Reputation: 3775
Is there any way to collect all RDD[(String, String)]
into one RDD[Map[String, String]]
?
E.g., for file input.csv
:
1,one
2,two
3,three
Code:
val file = sc.textFile("input.csv")
val pairs = file.map(line => { val a = line.split(","); (a(0), a(1)) })
val rddMap = ???
Output (approximate):
val map = rddMap.collect
map: Array[scala.collection.immutable.Map[String,String]] = Array(Map(1 -> one, 2 -> two, 3 -> three))
Tried pairs.collectAsMap
but it returns Map
not inside RDD
.
Upvotes: 0
Views: 3574
Reputation: 11985
How many maps would you get in a RDD[Map[String, String]]
? Just one, right? The RDD
distributes its content, because it's a distributed collection, but if it contains only one element, it becomes quite harder to distribute that collection, doesn't it ?

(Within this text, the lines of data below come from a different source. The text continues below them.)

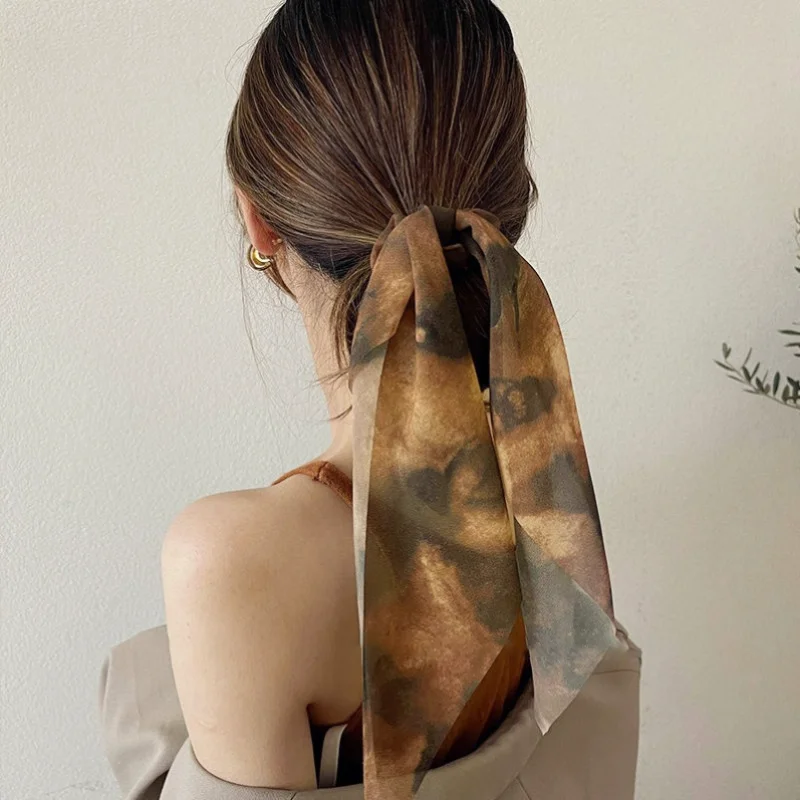 Fashion Print Bow Satin Long Ribbon Ponytail Scarf Hair Tie Scrunchies Women Girls Elastic Hair Bands Hair Accessories
Fashion Print Bow Satin Long Ribbon Ponytail Scarf Hair Tie Scrunchies Women Girls Elastic Hair Bands Hair Accessories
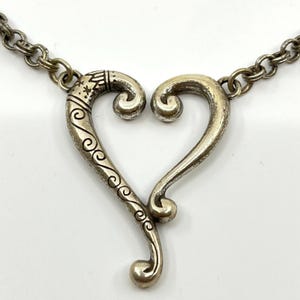 Vintage Brighton Silver Tone Scroll Heart Pendant Necklace Retro Romantic Y2K image 1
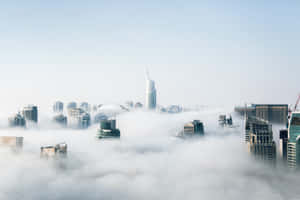 Modern Desktop Foggy City Wallpaper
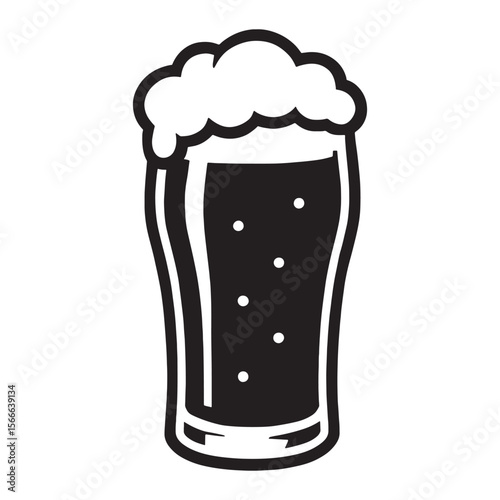 Tall glass of dark frothy beer drink beverage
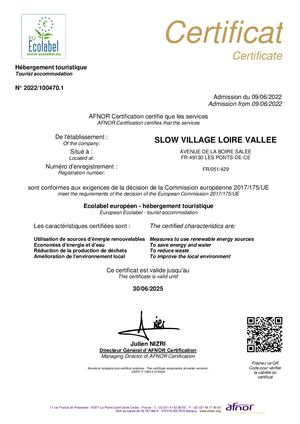 Certificat Ecolabel Européen SV Loire Vallee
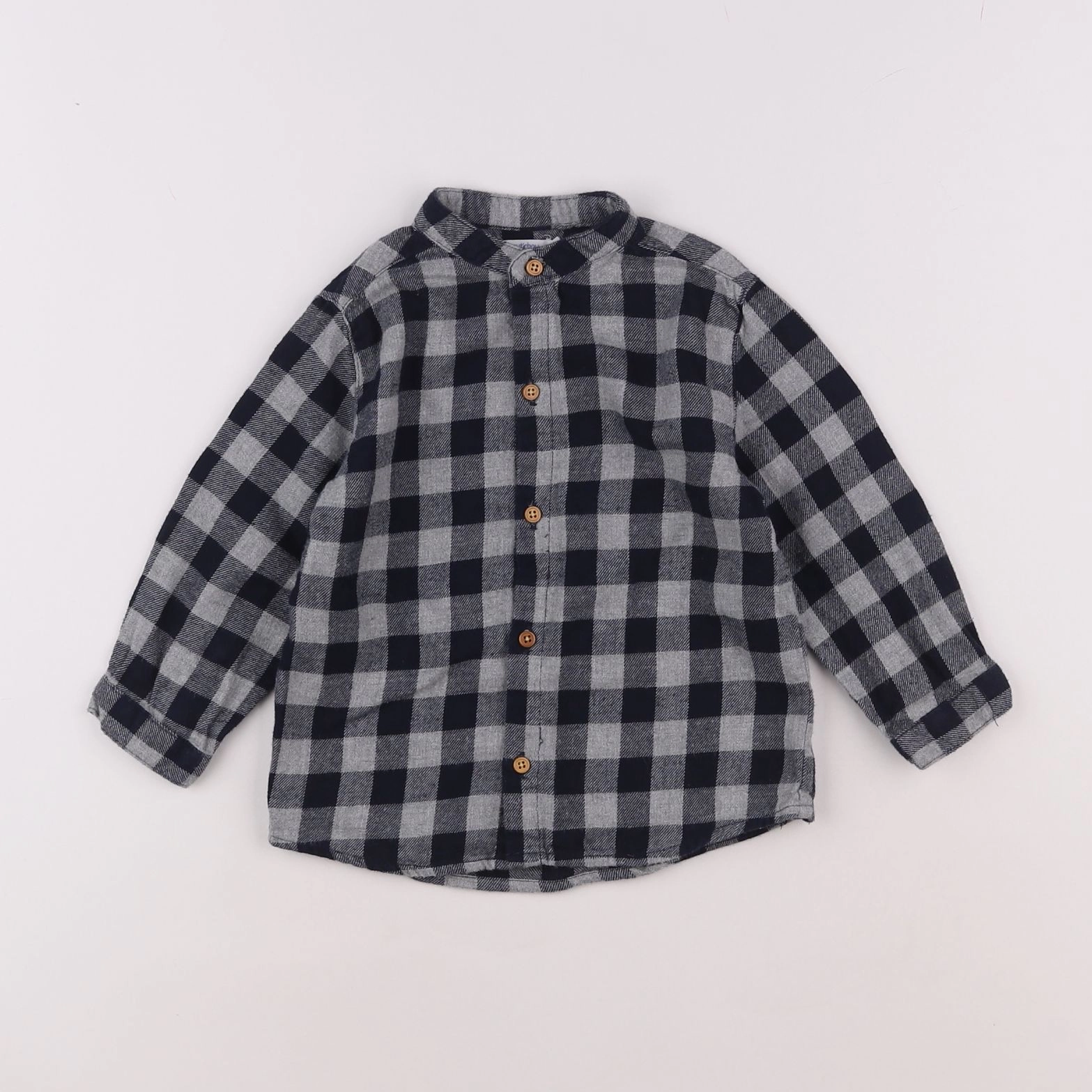 Boutchou - chemise bleu, gris - 18 mois
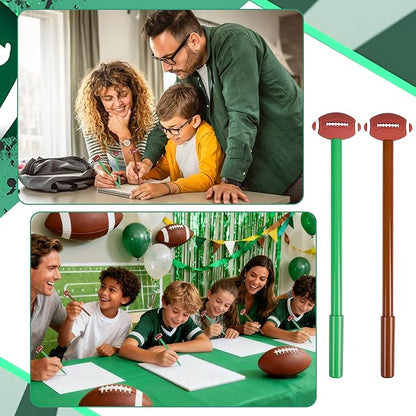LiYiQ 100 Pcs Football Cartoon Cute Fun Pens for Kids Kawaii Football Shape Gel Black Ink Pen Cute Football Pens for School Office Home Student Kids Present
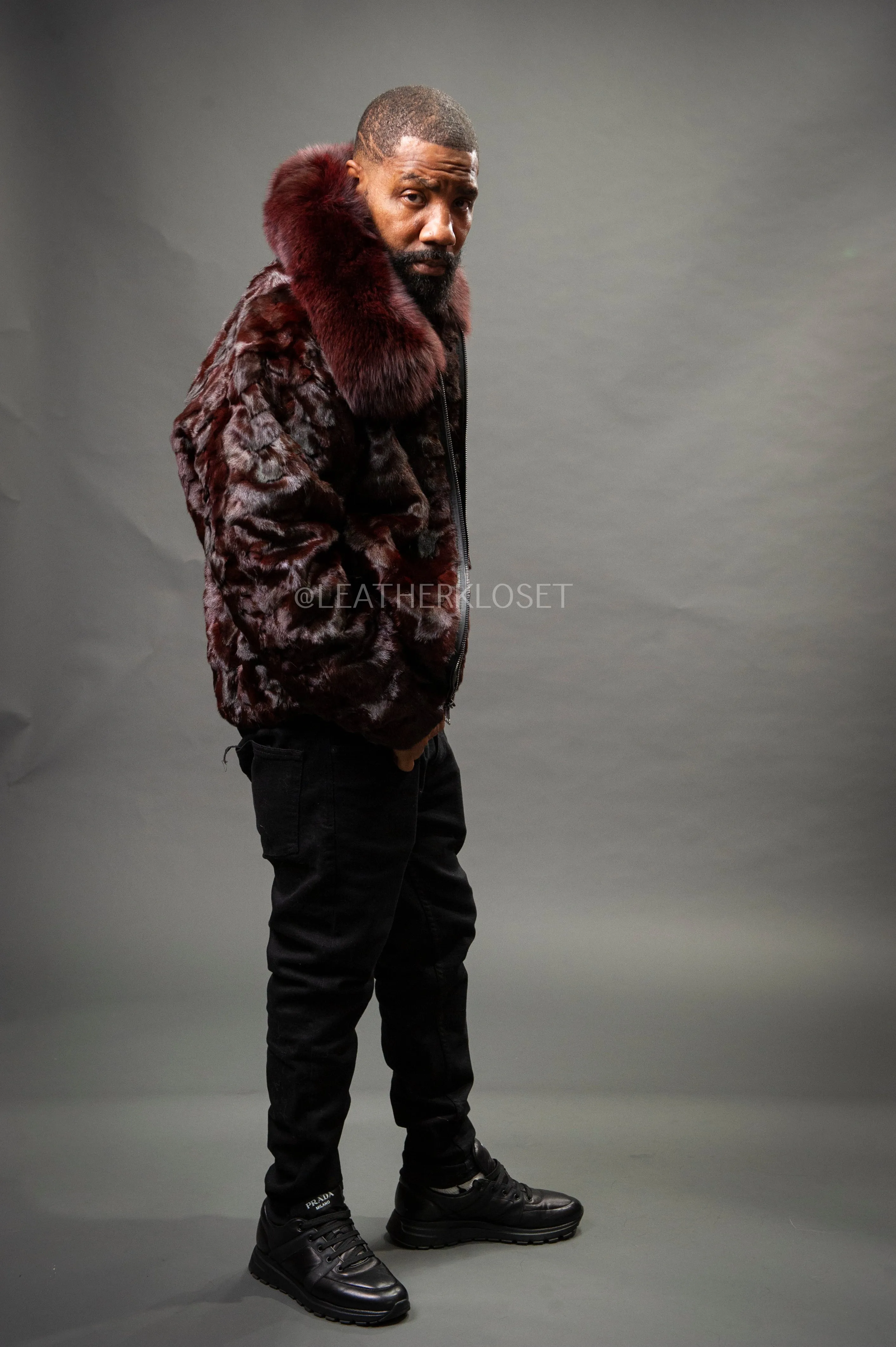 Men's Mink with Fox Fur Bomber Jacket [Wine]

I would suggest you need hash-based lookup in your PairRDD
of String
s. Thankfully, you already have this in the API, with the lookup
function.
Look at the code for lookup
, it does use hashing to get to your key, in a similar way a Map
would. Building the keys and values correctly in your PairRDD
are enough for your purposes, even if building them is complex.
Upvotes: 0
Reputation: 40380
I don't actually agree with what you are trying to do. Because if you do so, you're map will be distributed on the cluster but it won't be one map!
You can use a key-value pair RDD and use lookup
method to find your value upon a given key !
def lookup(key: K): Seq[V] // Return the list of values in the RDD for key key.
And here is an example about it's usage:
val a = sc.parallelize(List("dog", "tiger", "lion", "cat", "panther", "eagle"), 2)
val b = a.map(x => (x.length, x))
b.lookup(5)
res0: Seq[String] = WrappedArray(tiger, eagle)
For more information about pair RDDs
, I suggest that you read the Chapter 4. Working with Key/Value Pairs - Learning Spark.
Upvotes: 1
Reputation: 1819
If you want preserve your map only for the time of execution of your diriver program you can collect it to the local map (in the driver) for the next task it will be available in the closer (you can just use it in function passed to the next task). If you dont want trasport it many times you can broadcast it.
On the other hand if you want to use it in different driver programs you can just serialize it and save on hdfs (or any other storage system you use). In this case even if you would have RDD you could not preserve it between drivers without saving it to the file system.
Upvotes: 0